Foreign direct investments (FDI) continued to record a net inflow of US$44 million in September 2007 due to sustained inflows of equity capital and reinvested earnings.  This monthly level was 77.3 percent lower than the level posted in the same month in 2006. During the nine-month period from January-September, however, FDI net inflows aggregated US$1.9 billion, higher by 22.3 percent compared to the US$1.6 billion recorded in the same period a year ago.       

Behind the sustained net FDI inflows in September 2007 were net equity capital placements of US$95 million that were mostly infused into the real estate and manufacturing sectors.  The net inflow in the reinvested earnings account, amounting to US$20 million also contributed to this development.  These combined inflows more than offset the net outflow of US$71 million in other capital investments.           
On a cumulative basis, net FDI inflows from January – September 2007 consisted largely of net equity capital placements by foreign investors which aggregated US$1.8 billion.  Gross equity capital placements reached US$2.0 billion.

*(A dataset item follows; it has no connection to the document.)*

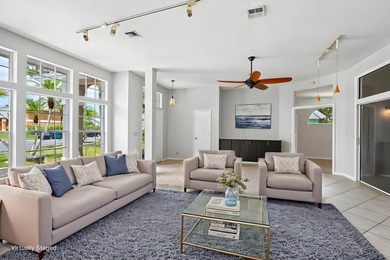 Tucked away in a private setting, this charming 3-bedroom - photo 4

These were absorbed by the manufacturing (electronics, health and chemical products, food, automotive sensors, decorative crafts), services (international courier, information technology development, multimedia service provider), construction, mining, real estate, financial intermediation, and agricultural industries.  The bulk of these inflows came from the U.S., Japan, Singapore, South Korea, Hong Kong, Germany, and the U.K.

The reinvested earnings account likewise posted a cumulative net inflow of US$343 million during the review period as foreign investors opted to retain their earnings in local enterprises/corporations given continued favorable economic prospects. 

Meanwhile, the other capital account―comprising largely of intercompany lending between foreign direct investors and their subsidiaries/affiliates in the Philippines ― reversed to a net outflow of US$229 million in the first nine months of 2007 from the year-ago surplus of US$122 million, following repayment of loans by subsidiaries to their parent companies.